If the forecast holds, Dorian would be the first hurricane of Category 4 or higher to make landfall on Florida’s east coast since 1992, when Andrew, a Category 5 storm, ripped through the Miami area. But with Dorian spinning and gathering energy about 300 miles northwest of Puerto Rico on Thursday evening, its likely route toward the Bahamas and then the United States mainland remained maddeningly difficult to pin down with any precision.

“It’s too early to make decisions about evacuations,” said Mayor Lenny Curry of Jacksonville. “We may very well find ourselves, at some point in the next 24 or 48 hours, calling for evacuations — depending on what this storm does.”

Even so, Dorian’s impact was already being felt, as Floridians scrapped their Labor Day weekend plans and nervously checked the latest forecasts.

A football game between Florida State and Boise State, scheduled for Saturday evening in Jacksonville, was moved west to Tallahassee and rescheduled for earlier in the day. A Rolling Stones concert in the Miami area that was planned for Saturday night was moved up to Friday, the band announced. And President Trump, who had been planning to travel to Poland for a commemoration of the outbreak of World War II, said Thursday afternoon that he was canceling the trip.

“Our highest priority is the safety and security of the people in the path of the hurricane,” Mr. Trump said.

Forecasting Dorian has been a meteorological struggle for days now. Puerto Rico had been bracing for a direct hit on Wednesday, but the storm skirted the island’s eastern end. It instead hammered St. Thomas in the United States Virgin Islands, where some surprised residents scrambled to install storm shutters in time. Rain kept falling on Puerto Rico on Thursday, leading to some flooding.

Before the storm reached St. Thomas, the National Weather Service was predicting that it would eventually strengthen to Category 2 by the time it reached Florida. By Thursday morning, the agency was talking about Category 4, and a possible landfall as far up the coast as southeastern Georgia, though Florida still seemed likeliest.

“These storms, they’re just very sensitive to small changes,” said Brian McNoldy, a hurricane researcher at the University of Miami.

[What do storm categories mean? Here’s what you need to know.]

Some forecast models suggested a direct blow to Central Florida on Monday. Others foresaw the storm veering to the north or the south. At least one projection suggested that Dorian could stall just off the Florida coast, delaying landfall past Monday.

“It all depends on this dance of the pressure systems around the storm,” said Hugh Willoughby, a meteorologist at Florida International University in Miami. He said he expected “a major hurricane landfall somewhere between where I’m sitting and the Georgia border,” almost 400 miles to the north.

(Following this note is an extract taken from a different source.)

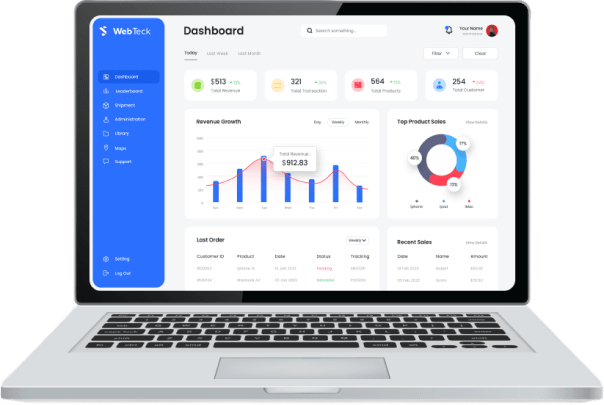 RelyBytes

Because of the uncertainty about where the storm would hit, Gov. Ron DeSantis extended an emergency declaration to all 67 Florida counties, as preparations continued up and down the Atlantic coast. In Daytona Beach, city crews cleared storm drains and reduced the water levels in retention ponds to make more room for rain runoff. At Port Canaveral, boat captains were warned not to wait too long to enter sheltered waters. And in Brevard County, east of Orlando, jail inmates filled sandbags for residents.

Closings and cancellations were already being announced. The University of Central Florida, in Orlando, said it would close from Friday evening through at least Tuesday. At Bethune-Cookman University in Daytona Beach, a mandatory campus evacuation was set to take effect on Friday, with classes called off until further notice. Vero Beach officials announced that the city’s parks and beaches would soon close.

But even as officials urged action, they said it was too soon to panic.

“If you have very difficult-to-assemble shutters,” said Mayor Carlos A. Gimenez of Miami-Dade County, “maybe it’s time to start putting a couple of them up. Don’t put them all up yet.”

At an Exxon station in Melbourne, though, public concern was evident. All day, vehicles were lined up bumper to bumper waiting to fill up. The station sold more gasoline in four hours on Thursday than it had all day Tuesday, said Ashli Presnell, an employee who described the scene as “an absolute madhouse.”

“I’ve never seen it this bad,” Ms. Presnell said. “You would think the world is ending right now.”